Saturday saw me attending the first official Returning Saturn (the DJ collective I'm a part of ) crew meeting, which was held at Mr. Immink's house. I'd been looking forward to this all week, because it was an opportunity to hang out with a bunch of friends that I currently hold in the highest regard, all of whom are just as passionate about electronic music as I am, and plan out awesomeness for the next several months. Oh, and get crazy drunk and eat pizza. Later in the evening, we packed up Chris' DJ equipment and went to a bitter single's party, which Returning Saturn provided the musical entertainment for. I unfortunately had commitments at Sunset again (argh) and had to leave around 2, which also meant that I never got a chance to DJ. But by the time I left, I managed to get in a couple quality make-outs with some very attractive ladies (I don't mean to brag, but jesus, I haven't gotten any play in like 3 goddamn months, let me take my moments where I can), and the guys had managed to get a bunch of non-rave going people rocking out to psytrance. I was so proud *sniff*. As much as I was choked about leaving such a great party, Sunset was also going off that night. A packed house, quality tunes, and more cherished friends. And a long fucking night. Not only did I work from 3 am til 6 am, I had to stick around after the party ended and facilitate an after-after hours private birthday party that ran from 6am 'til noon. Some of these people just will not go down, I tell ya. By the time that ended, I was already in the advanced stages of sleep deprivation, and I had a Sunset crew meeting to attend later in the day anyways, so I just decided to stay up for the rest of the day and wander around downtown. I ended up meeting with Jessie, Abby, and Kevin in Beacon Hill and climbing trees and generally being pretty weird and silent because I was sleep deprived and completely socially drained from the previous 3 days. So I went home, caught an hour of sleep, went to the crew meeting, hung out with some friends afterwards, and finally crashed around midnight.
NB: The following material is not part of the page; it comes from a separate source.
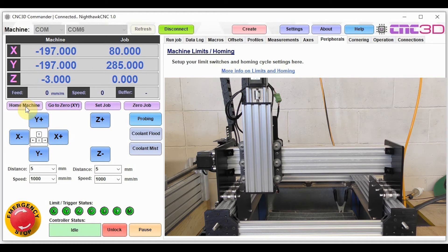Now we're going to figure out how to set up and enable soft limits. Since we've just homed our machine, we're going to find the absolute travel limits. With the machine in the home position — which is our zero position — we'll zero the job coordinates out by hitting zero job. We'll change our distance to 100 to make it quicker, and jog the machine to the furthest possible point at the rear.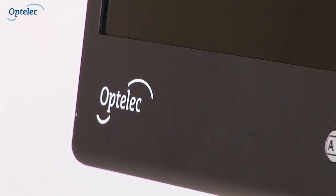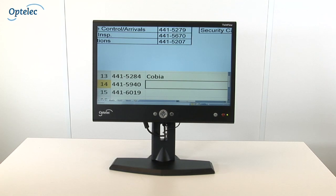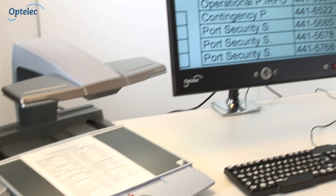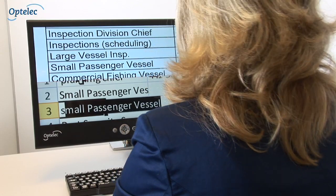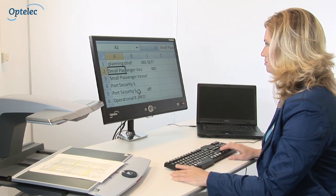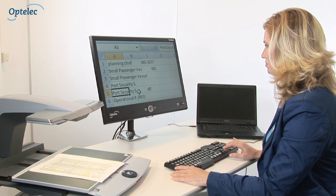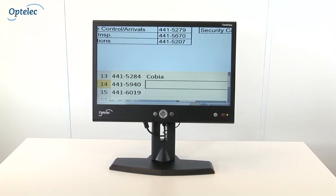The Optelec TwinView completes the ultimate low vision workstation, especially if you're looking for an ergonomic solution which will allow you to work with the ClearView Plus and a computer monitor simultaneously. The fact that the ClearView Plus and the computer are displayed on a single screen means you can work more effectively and maintain a clutter-free workstation, releasing valuable desk space as opposed to using two separate monitors.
Which brings us to today. I'm gonna straight up admit that I had no idea how I was going to make rent this month. I completely failed on all levels to do any job hunting this month, and going into the weekend, I had one dollar to my name. So I was pleasantly suprised when I woke up to find my remaining tax forms from Camosun that I needed to file my tax return. With great haste, I made my way down to H&R block and had them cut me a cheque. And man, what a cheque. Whereas I thought I was going to get maybe 500-600 back, it ended up being around 1150 after they deducted a (small) fee. Between that and the 100 bucks I made at Sunset over the weekend, I'm out of the red for the time being. And feeling pretty darn good. I spent the majority of the day putting together my first promo mix, which I'm going to call (and I can' tell you how proud I am of this name):

"Progressive Psy Goes Boink".

That is awesome, go on, say it. I'm hoping to post it up here and on Facebook within the next week, and maybe make some CD copies (with artwork!) as well.
With my financial worries temporarily dealt with, I'm also free to go over to Vancouver this weekend and attend Justin's birthday. See ya soon buddy!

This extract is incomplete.